Empoderamento, protagonismo, orgulho, raça: a III Marcha das Mulheres Negras no Centro do Mundo levou milhares de mulheres negras de todas regiões do Rio para Copacabana neste domingo, 30. Quilombolas, militantes, artistas, religiosos, trabalhadoras e estudantes compareceram ao evento, que começou às 9 h da manhã e só terminou depois das 20 h com feira de empreendedoras e uma roda de samba comandada pelo grupo feminino Só Damas.
Ônibus e vans trouxeram comitivas de todo canto. Entre grupos e organizações, também estavam famílias inteiras. A participação masculina foi apenas no apoio ao ato – o dia era delas. O evento seguiu tranquilo, com palavras de ordem e perfomances. Um dos momentos mais emocionantes foi quando empregadas e babás que estavam no prédios à beira-mar foram para as janelas acenar para marcha, recebidas com aplausos e solidariedade. “Lugar de mulher preta é em todos os lugares!”, bradava o carro-de-som que comandava a passeata.
Julio Barroso: ‘Todo o poder para a mulher negra’
Com as Yalorixás sempre à frente abrindo os caminhos, a Marcha das Mulheres Negras lembrou algumas injustiças que entraram para a história recente, como a saída da cadeia da ex-primeira-dama Adriana Ancelmo, acusada de fazer parte de esquema de pagamento de propina que desviou milhões dos cofres públicos e que contrasta com as milhares de mulheres negras que têm o direito de estar perto de seus filhos negado pela mesma Justiça que lhe concedeu liberdade.
– Eu espero, com a força dos Orixás e dos nossos irmãos, que essa luta tenha um fim legal. Que nossos filhos possam caminhar tranquilamente pelas cidades, ir tranquilamente aos shoppings e estudar. A maior preocupação de uma mãe negra é quando seu filho sai para onde for, seja para estudo ou para trabalho. Nós morremos um pouquinho em nossas casas só pensando que eles podem sofrer uma agressão, uma bala perdida. O racismo é muito cruel, o racismo mata, afirma a cantora Tia Rosa, moradora do bairro Santa Rita, em Nova Iguaçu.

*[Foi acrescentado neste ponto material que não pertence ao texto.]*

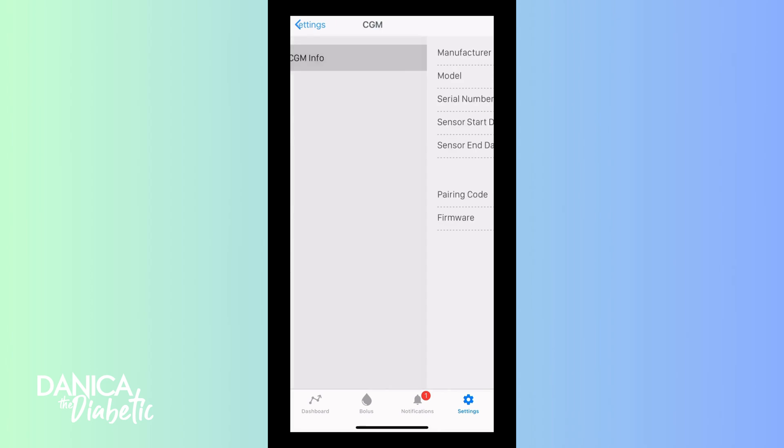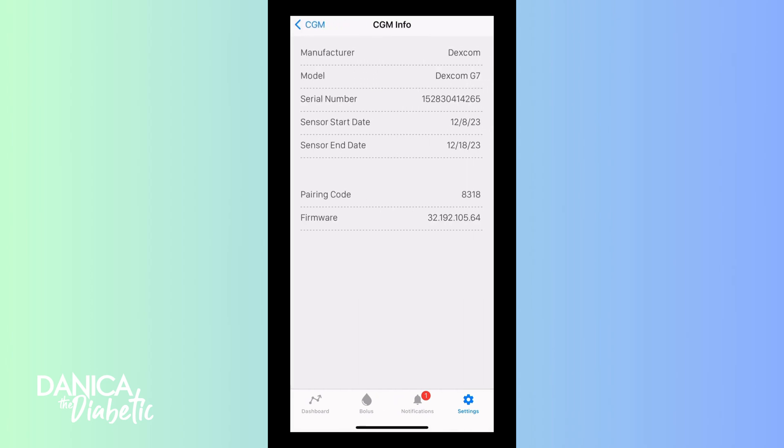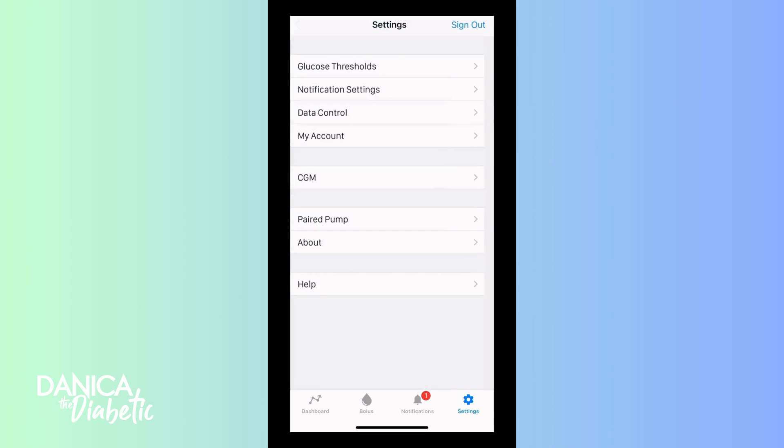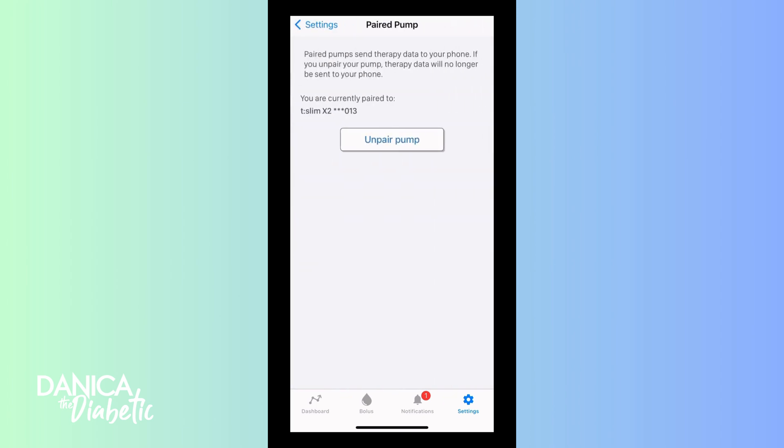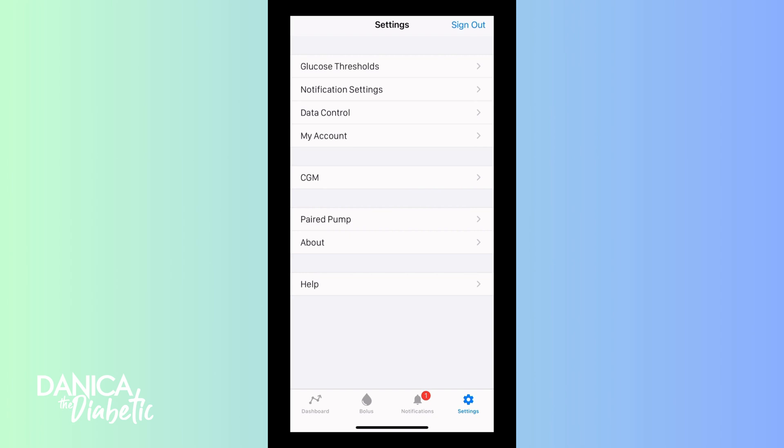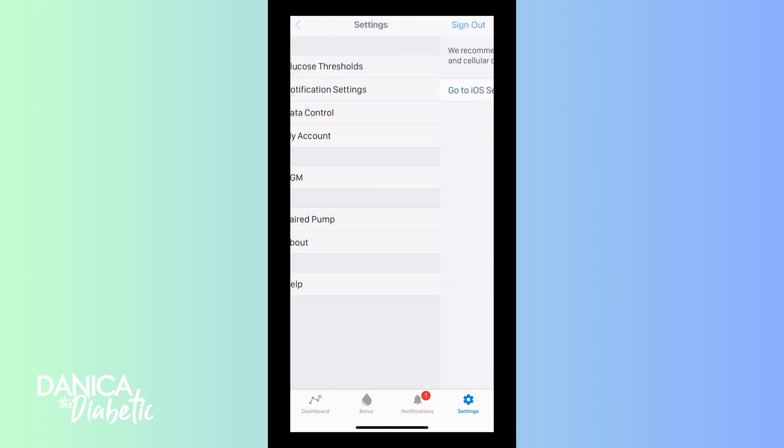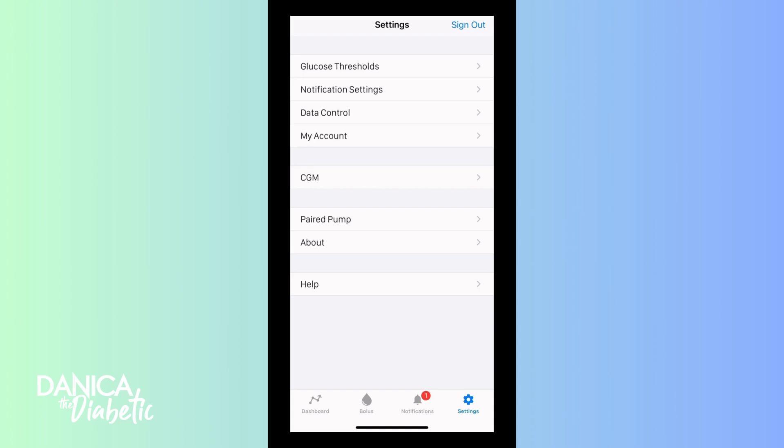Here in the app, you can get your CGM info. You can see it's a G7 and the pairing code and everything is in the T-Slim app, the T-Connect app. And you could unpair your pump. I don't think you should do that unless you need to, but the app is still pretty seamless and such a great tool for managing my diabetes.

Estavam presentes as mulheres negras de Itaboraí, município que sofre com a interrupção das obras do Complexo Petroquímico do Estado do Rio de Janeiro, paradas desde o início da crise do Estado em 2014: “Somos do município do Comperj, que deixou muitas mulheres desempregadas. Hoje, nós estamos marchando pela dignidade desse povo que vive lá. Não sabemos quando voltam (as obras)“, explica a presidente do Fórum Permanente de Mulheres Edinéia Nascimento.
A luta pela liberdade de Rafael Braga, único preso das manifestações de 2013, ganhou amplo destaque na III Marcha das Mulheres Negras no Centro do Mundo. Rafael hoje enfrenta uma acusação de tráfico de drogas que, segundo ele, teriam sido plantadas por policiais na Vila Cruzeiro, onde vive sua família. Algumas personalidades femininas da política também marcaram presença, como a ex-secretária municipal de cultura Jandira Feghali e a primeira governadora negra do Estado do Rio Benedita da Silva, que a todo o momento era ovacionada.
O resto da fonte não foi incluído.